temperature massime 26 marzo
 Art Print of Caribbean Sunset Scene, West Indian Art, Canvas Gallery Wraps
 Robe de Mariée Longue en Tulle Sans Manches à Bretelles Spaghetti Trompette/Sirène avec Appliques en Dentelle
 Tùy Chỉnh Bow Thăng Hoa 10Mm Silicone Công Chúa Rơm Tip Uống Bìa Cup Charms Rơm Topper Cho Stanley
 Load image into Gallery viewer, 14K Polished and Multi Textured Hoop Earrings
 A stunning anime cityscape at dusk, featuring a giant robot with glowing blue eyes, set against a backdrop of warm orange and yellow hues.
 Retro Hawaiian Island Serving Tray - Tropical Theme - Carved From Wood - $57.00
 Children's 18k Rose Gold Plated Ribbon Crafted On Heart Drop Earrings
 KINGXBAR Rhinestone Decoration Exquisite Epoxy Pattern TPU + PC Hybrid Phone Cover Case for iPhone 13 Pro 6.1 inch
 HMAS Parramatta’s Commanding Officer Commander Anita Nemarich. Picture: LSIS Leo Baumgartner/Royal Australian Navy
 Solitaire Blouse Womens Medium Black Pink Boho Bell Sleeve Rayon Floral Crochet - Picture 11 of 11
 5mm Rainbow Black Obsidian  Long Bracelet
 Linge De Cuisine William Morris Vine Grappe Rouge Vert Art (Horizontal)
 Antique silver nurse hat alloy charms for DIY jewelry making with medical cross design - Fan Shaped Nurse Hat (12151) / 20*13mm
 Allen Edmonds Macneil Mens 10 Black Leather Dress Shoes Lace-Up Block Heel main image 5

+ + + + +

What the exercise asks>
Please transcribe the data exactly from its first line. End with the line that contains "Load image into".

Expected output>
temperature massime 26 marzo
 Art Print of Caribbean Sunset Scene, West Indian Art, Canvas Gallery Wraps
 Robe de Mariée Longue en Tulle Sans Manches à Bretelles Spaghetti Trompette/Sirène avec Appliques en Dentelle
 Tùy Chỉnh Bow Thăng Hoa 10Mm Silicone Công Chúa Rơm Tip Uống Bìa Cup Charms Rơm Topper Cho Stanley
 Load image into Gallery viewer, 14K Polished and Multi Textured Hoop Earrings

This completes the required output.